Spanish newspaper El Mundo published a leaked document from the Unidad Central de Delincuencia Economica y Fiscal – the police’s financial crimes unit – detailing a tangled web of allegedly illicit payments from several construction companies in exchange for winning tenders awarded by the Catalan government. 

According to the documents, the alleged kickback money helped finance Catalonia’s ruling party, CDC, CiU, an affiliated political organisation, and several key party and government figures through offshore bank accounts. 

Concert promoter

Instrumental in the kickbacks scheme was Barcelona’s Palau de la Musica, a government-backed concert promoter, which purportedly helped divert the funds, together with several affiliates. Here’s how the alleged scheme worked, according to El Mundo’s leaked documents:

“La Generalitat [the Catalan government] would launch a tender for a public work in Catalonia. Several different entities would submit bids, with the [winning] contractor, in most cases, being Ferrovial. At the same time as the award, the winning contractor (in most cases, Ferrovial) would receive an invoice from one of the Palau’s institutions equivalent to 4 percent of the awarded tender, plus VAT.”

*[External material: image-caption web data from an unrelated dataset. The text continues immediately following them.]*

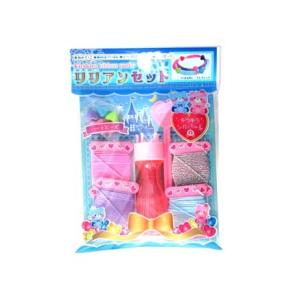 Zero Blaster Vapor Generatorゼロブラスター 楽天市場】水蒸気の煙で輪っかを作るおもちゃ ゼロブラスター ブルー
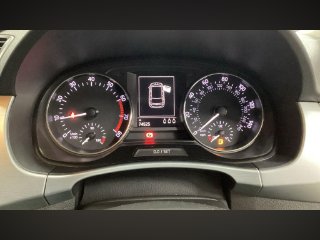 /photos/10170/6d832658-19ab-4a9d-9f85-2fe3078fe736_i320x240.jpg
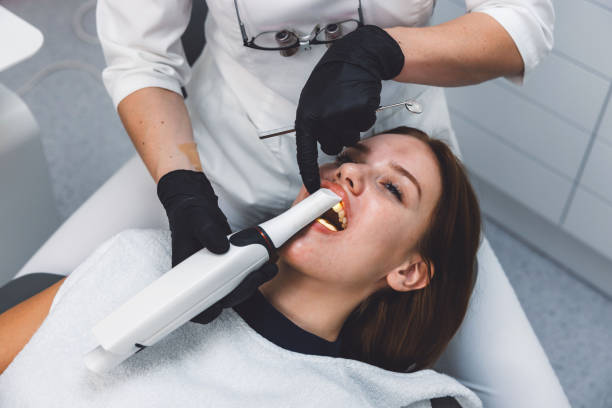 Best Walk-In Emergency Dental Services in Federal Y, WA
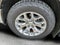 2016 RAM 1500 Longhorn Limited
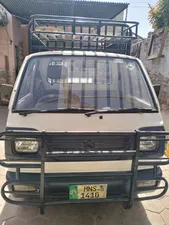 Suzuki Ravi 2012 for Sale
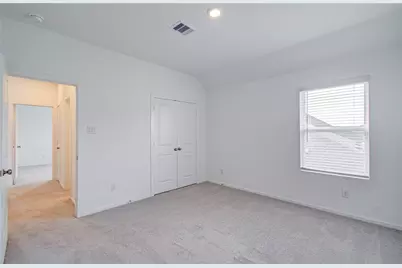2819 Sunrise Pepper Lane, Richmond, TX 77406 - Photo 23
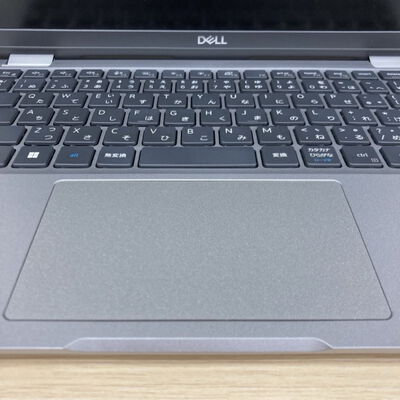 【静岡東瀬名店】中古  DELL Latitude 5320 (Intel Core i7 1185G7 3.0GHz/16GB/SSD256GB/-/-/13.3/1920x1080/Wi-Fi/WEBCAM/W11H64) 180537
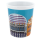 Tasse expresso - Belle Tasse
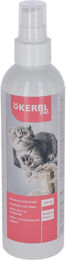 Produktbild von KERBL Catnip Spray - 200 ml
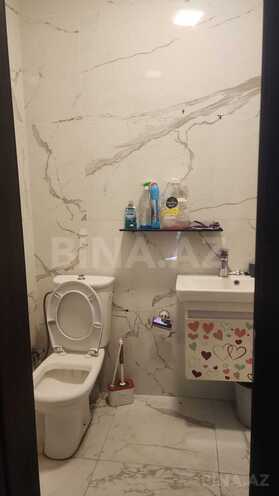 İcarəyə verilir  obyekt 92 m², Sahil m., photo 16 from 17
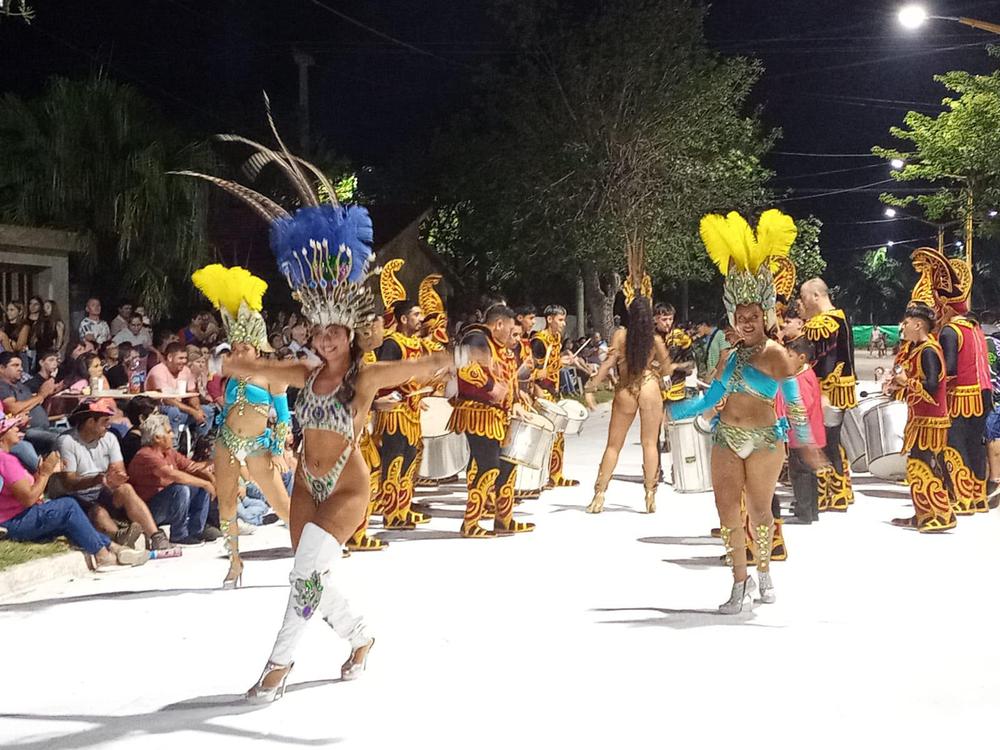 2bae04ec-911e-4d00-9336-80e1f29f64a1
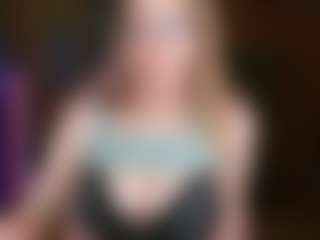 Live cam show with nicolebloom - Fuck on xxxlivecams.org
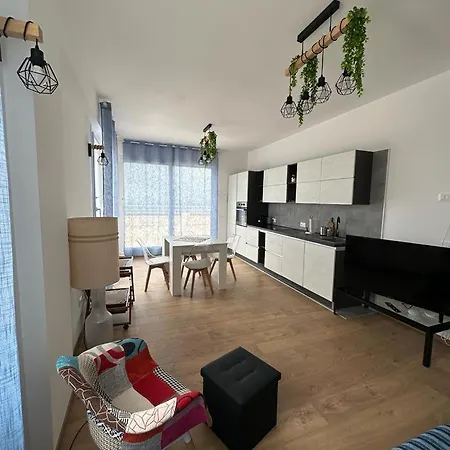 Guest house South Valley 2*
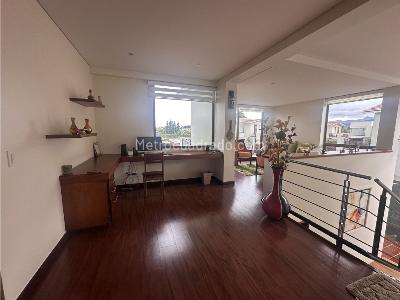Casa en venta en Vereda Canelon, Cajicá · foto 7 de 20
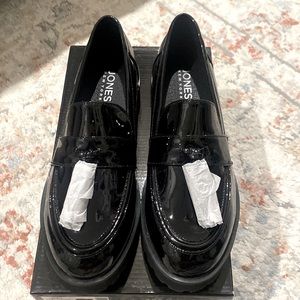 Jones New York | Priscilla Black 7.5 NEW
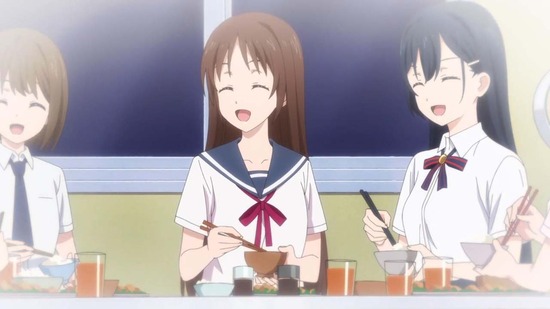 Extreme Hearts 7話場面カット030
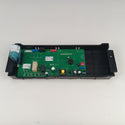 Whirlpool Range Control Boards W11764616 (OEM) Range Whirlpool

The money would then supposedly make its way to CDC and key government figures through a circuitous route of ‘dummy’ companies and Swiss bank accounts.

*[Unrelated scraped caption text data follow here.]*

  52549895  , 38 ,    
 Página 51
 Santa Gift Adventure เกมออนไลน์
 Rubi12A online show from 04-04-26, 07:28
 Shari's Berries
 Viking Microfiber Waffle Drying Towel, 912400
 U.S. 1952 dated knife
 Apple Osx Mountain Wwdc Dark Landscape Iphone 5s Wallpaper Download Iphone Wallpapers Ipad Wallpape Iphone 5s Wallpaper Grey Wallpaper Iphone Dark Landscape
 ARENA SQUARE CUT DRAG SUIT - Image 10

“Publicly, Ferrovial appeared as the main sponsor of a series of concerts named PALAU-100 […] Nevertheless, it is obvious that these sponsorships were destined to pay the commissions,” the police documents state.

A spokesman from Ferrovial had no comment when contacted by Infrastructure Investor. But in 2010, when allegations first surfaced on the Palau’s role in diverting sponsorship money to finance Catalonia’s ruling party, the company issued the following statement:

“The company has no influence over the way in which Fundación del Palau de la Música and Orfeo Catalán use the funds donated to them as part of its sponsorship activities and, therefore, it is unaware of how such funds were used. All activities sponsored by Ferrovial Agroman, whether single concerts or entire seasons, referred to events which were actually organized by Palau de la Música. Ferrovial Agroman was cited as sponsor in all such cases.”

The statement continued: “The tenders referred to in the tax authority’s report were conducted in conformity with stringent administrative procedures and complied with the legal principles and requirements: the bidding specifications established objective criteria for an accurate evaluation of the bids, and contracts were awarded to the bids that were most favourable to the public interest. The tax authority’s report did not analyse the above-mentioned procedures.”

While Ferrovial is repeatedly quoted as the main participant in the alleged kickbacks scheme, several other Spanish construction companies are also referred to, including: ACS and subsidiary Dragados, alleged to have paid €250,000 via the scheme; Fomento de Construcciones y Contratas (FCC), alleged to have paid €159,000; and Abertis, purported to have paid €150,000 – among others.

ACS and Abertis could not be reached for comment before publication. A spokeswoman for FCC declined to comment.

Artur Mas – the president of the Catalan government, leader of the CDC and chairman of the CiU –called a snap election for November 25 with the outcome unknown at press time. It may have seen Catalonia break away from Spain and gain independence. 

Mas pledged to hold a referendum on independence if his party were awarded a majority of the votes. Spain’s central government has deemed a referendum unconstitutional and has threatened to use all legal means available to prevent one. 

Sources in Spain have argued that the timing of the leaks was directly connected to the elections. Mas himself has said he will sue El Mundo for libel and accused the government of being behind the leaks as part of an “all-out dirty war” to derail the independence effort.